----- Task inputs -----

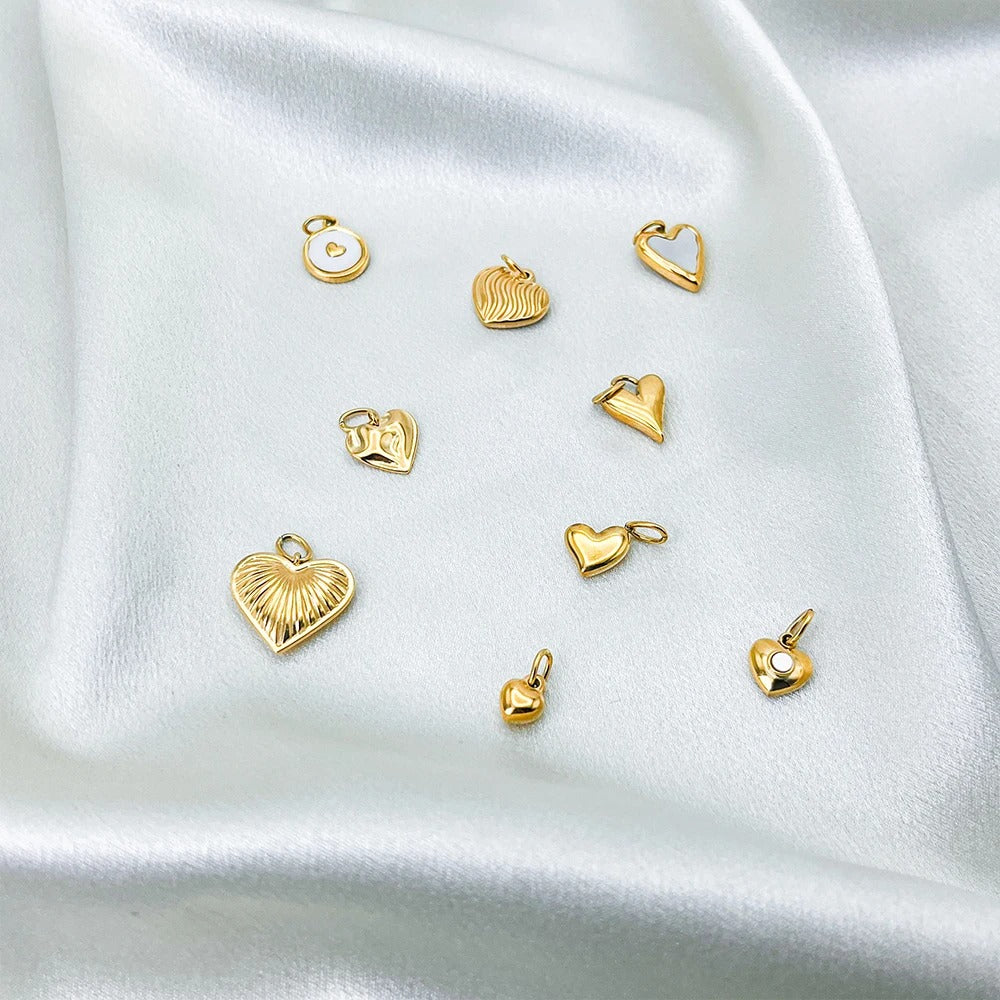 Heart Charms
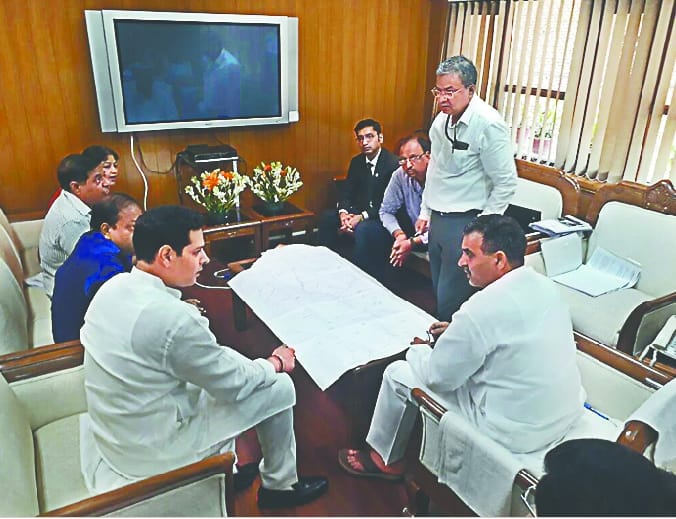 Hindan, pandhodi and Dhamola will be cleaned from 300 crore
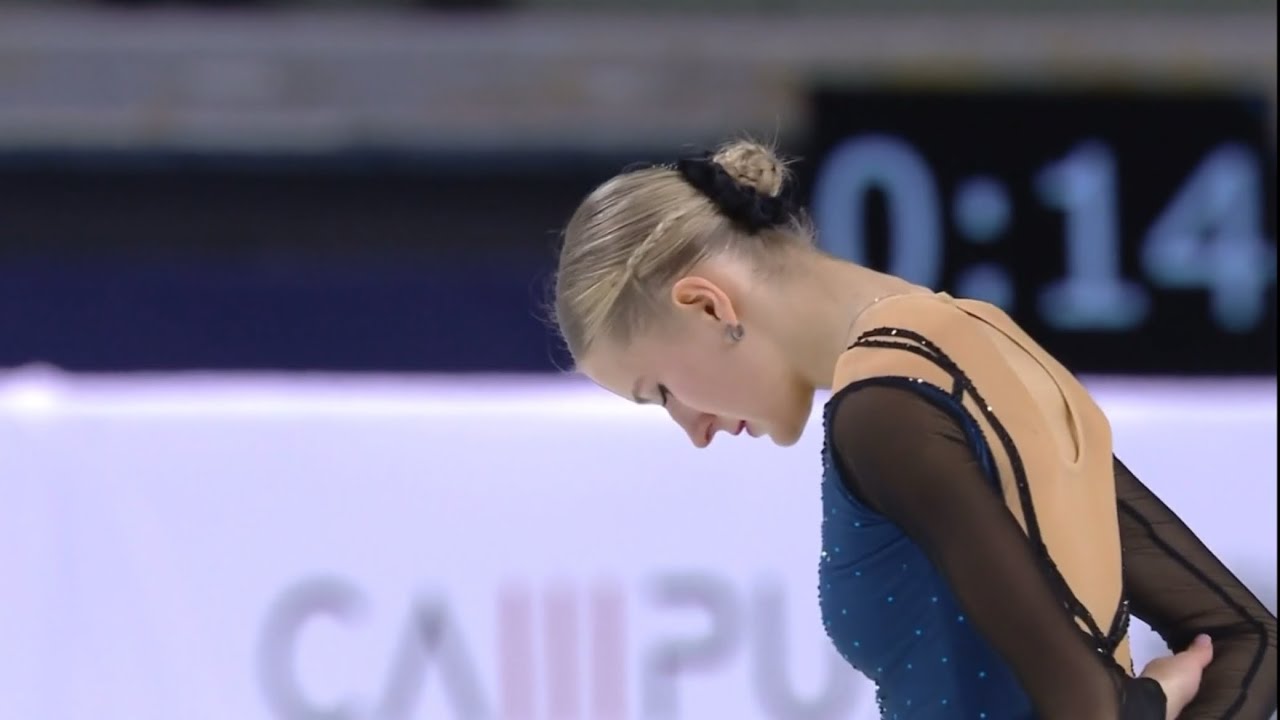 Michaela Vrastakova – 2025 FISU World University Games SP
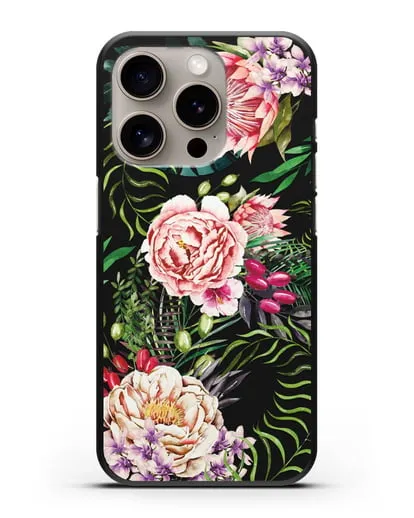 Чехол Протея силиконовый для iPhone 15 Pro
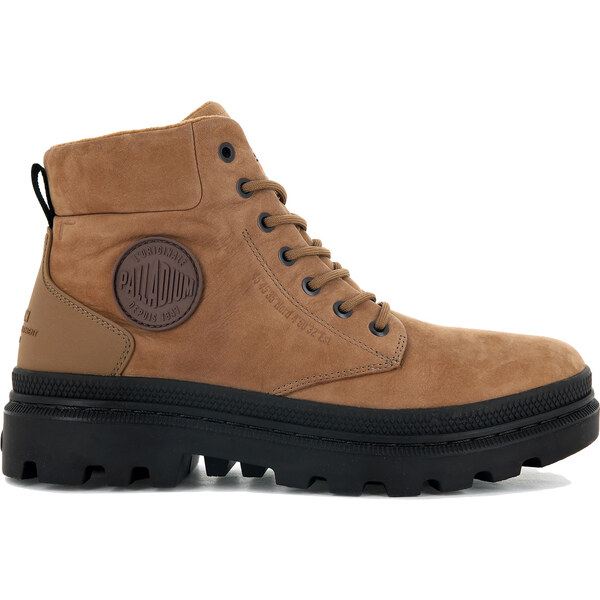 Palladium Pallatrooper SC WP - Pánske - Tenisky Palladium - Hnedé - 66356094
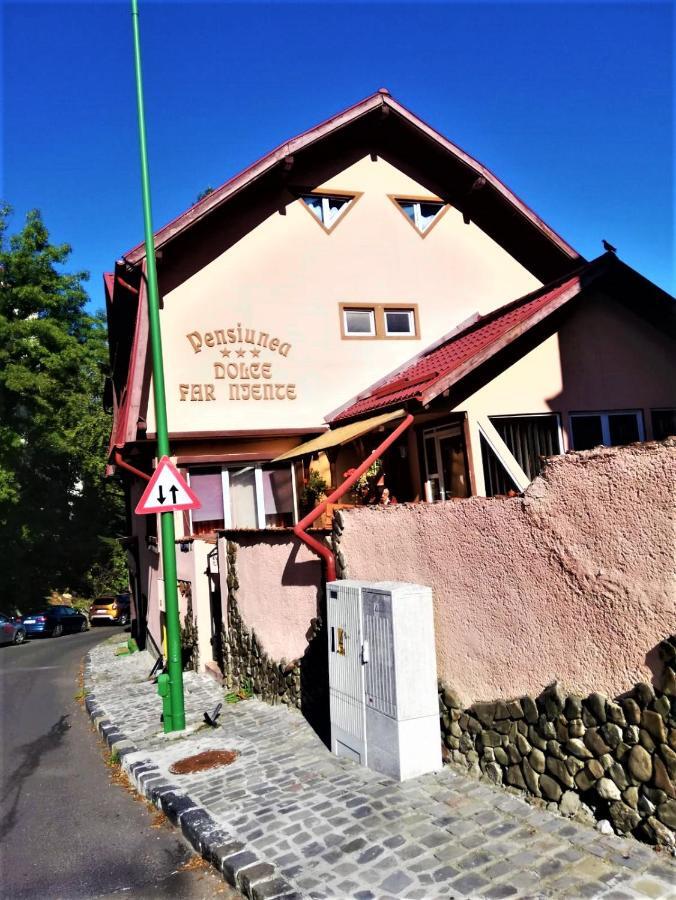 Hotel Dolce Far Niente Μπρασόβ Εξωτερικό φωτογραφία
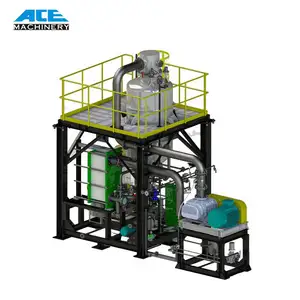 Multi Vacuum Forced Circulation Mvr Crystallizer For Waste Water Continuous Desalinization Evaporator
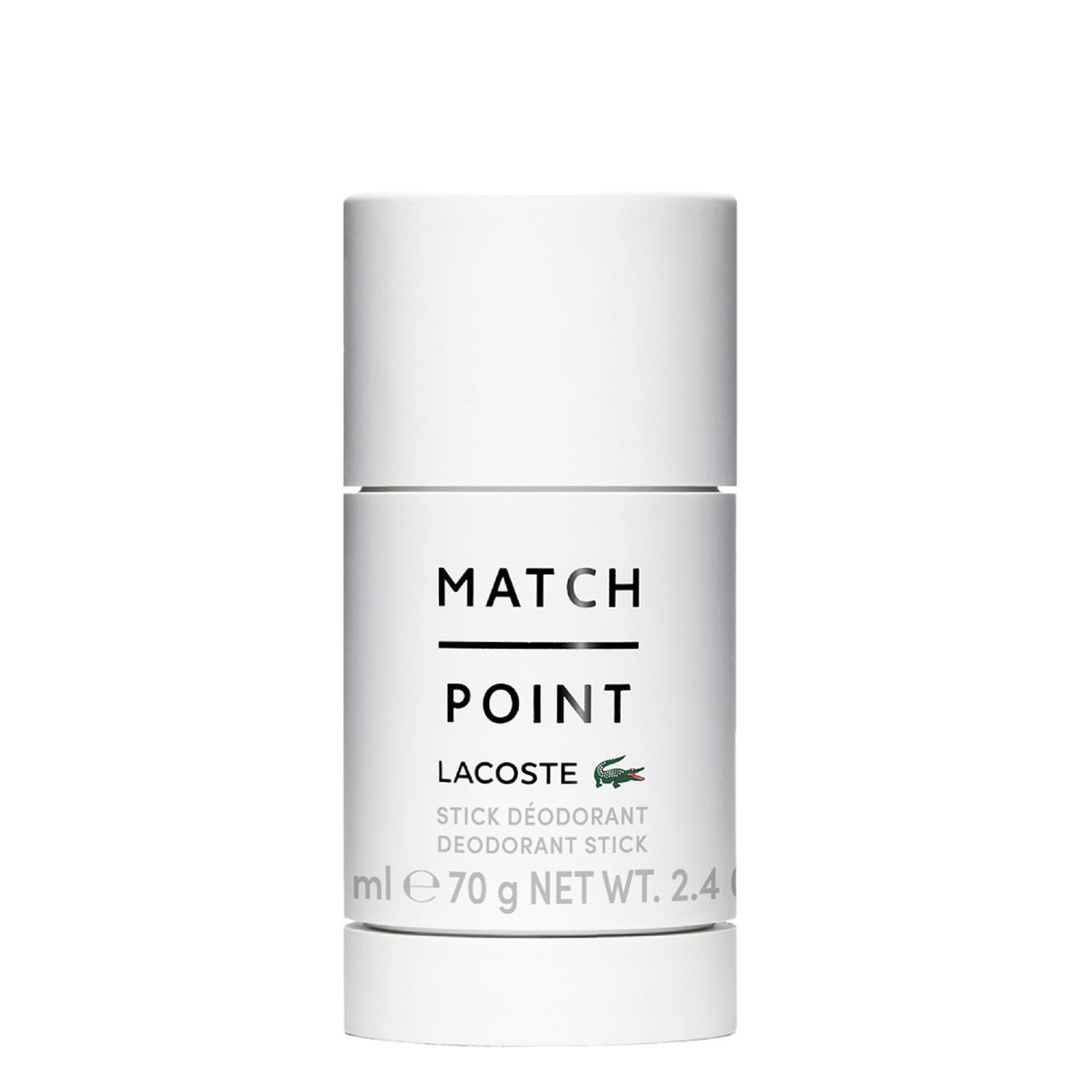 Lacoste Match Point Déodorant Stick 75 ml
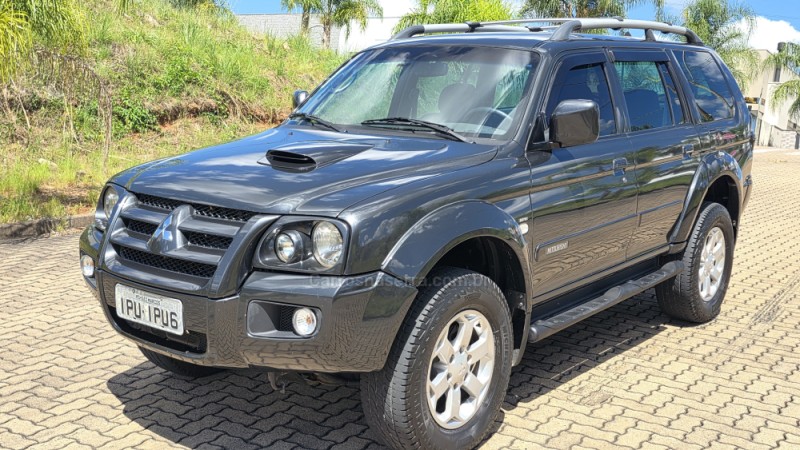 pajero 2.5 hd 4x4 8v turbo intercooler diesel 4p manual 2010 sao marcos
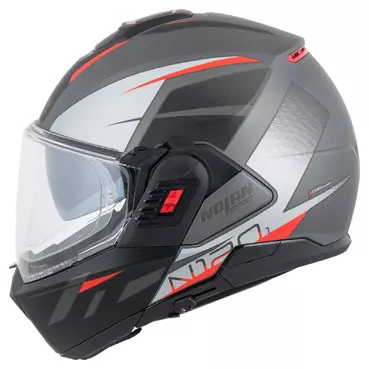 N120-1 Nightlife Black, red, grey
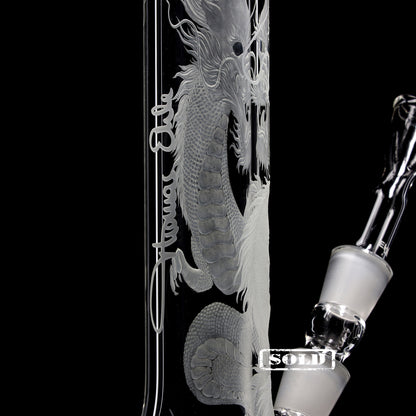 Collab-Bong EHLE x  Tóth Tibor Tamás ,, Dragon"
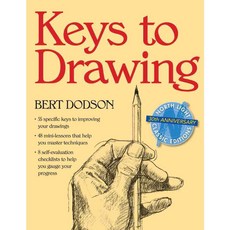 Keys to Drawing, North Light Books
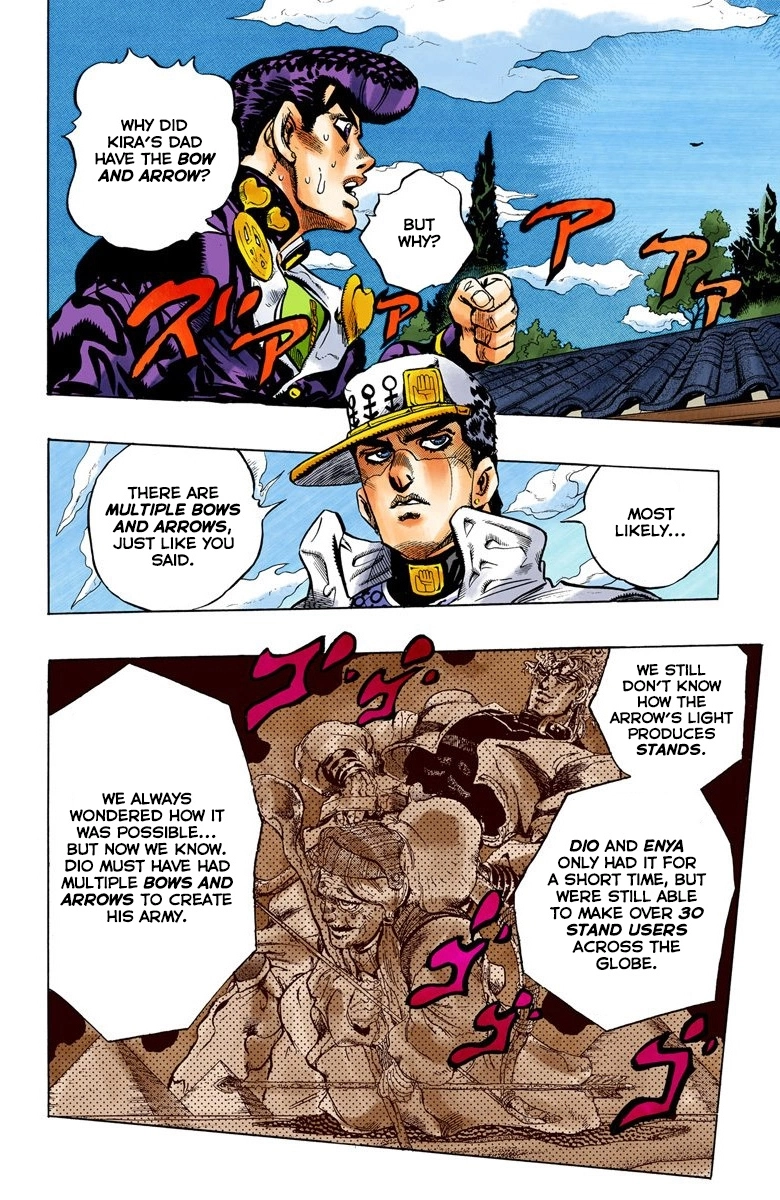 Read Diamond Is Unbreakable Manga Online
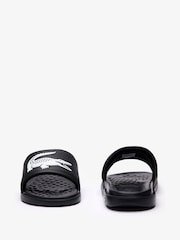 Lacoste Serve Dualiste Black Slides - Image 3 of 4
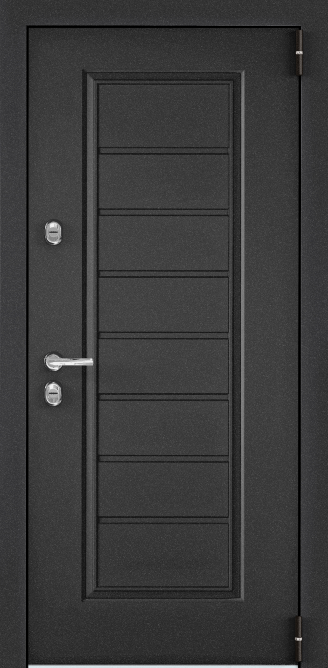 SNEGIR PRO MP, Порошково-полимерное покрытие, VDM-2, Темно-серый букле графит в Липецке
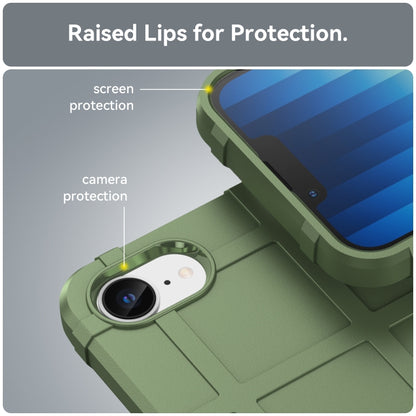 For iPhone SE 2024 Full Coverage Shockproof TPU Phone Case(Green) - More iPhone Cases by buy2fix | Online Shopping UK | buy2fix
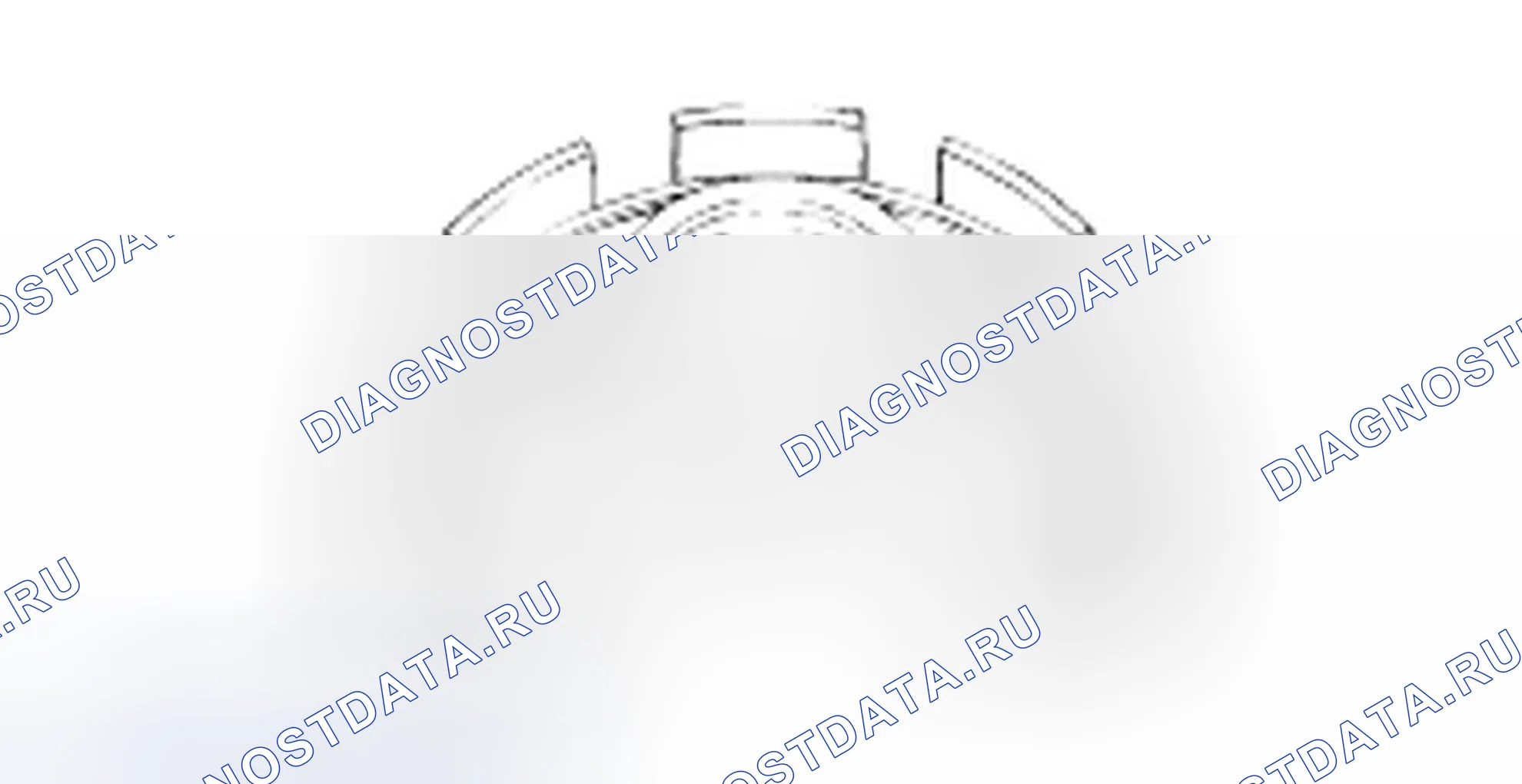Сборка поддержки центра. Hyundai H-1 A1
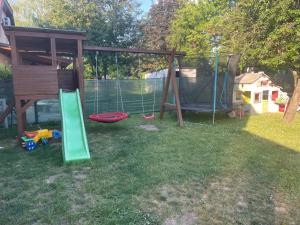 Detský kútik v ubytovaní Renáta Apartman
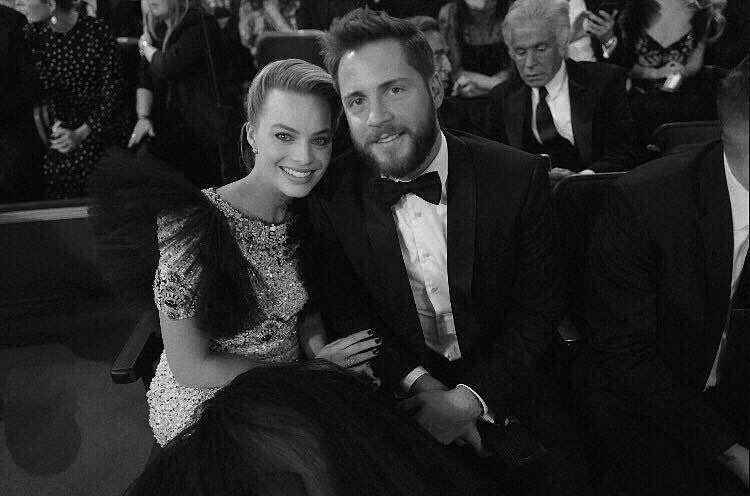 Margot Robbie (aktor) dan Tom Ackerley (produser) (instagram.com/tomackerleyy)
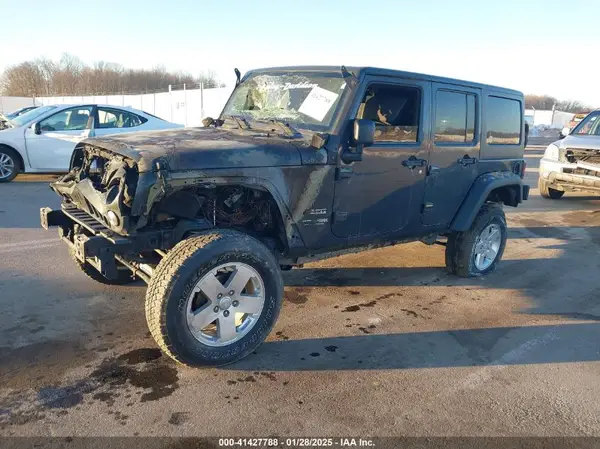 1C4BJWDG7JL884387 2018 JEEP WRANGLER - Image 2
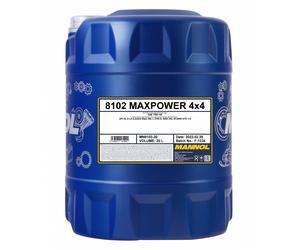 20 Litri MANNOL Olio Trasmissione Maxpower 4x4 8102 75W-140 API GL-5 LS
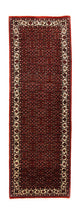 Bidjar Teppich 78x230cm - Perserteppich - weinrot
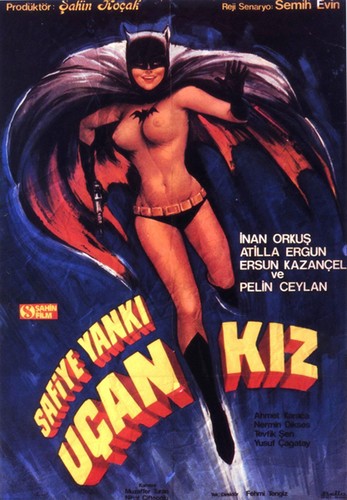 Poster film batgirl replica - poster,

-----

→ **Assigned task**
When you reach the line containing "For iPhone SE" in the entries above, please retype it and each line after it through the last one, exactly, without the pictures.

→ **Answer space**
 For iPhone SE 2024 Full Coverage Shockproof TPU Phone Case(Green) - More iPhone Cases by buy2fix | Online Shopping UK | buy2fix
Сборка поддержки центра. Hyundai H-1 A1
 Detský kútik v ubytovaní Renáta Apartman
 Margot Robbie (aktor) dan Tom Ackerley (produser) (instagram.com/tomackerleyy)
 1C4BJWDG7JL884387 2018 JEEP WRANGLER - Image 2
 20 Litri MANNOL Olio Trasmissione Maxpower 4x4 8102 75W-140 API GL-5 LS
 Bidjar Teppich 78x230cm - Perserteppich - weinrot
 Poster film batgirl replica - poster,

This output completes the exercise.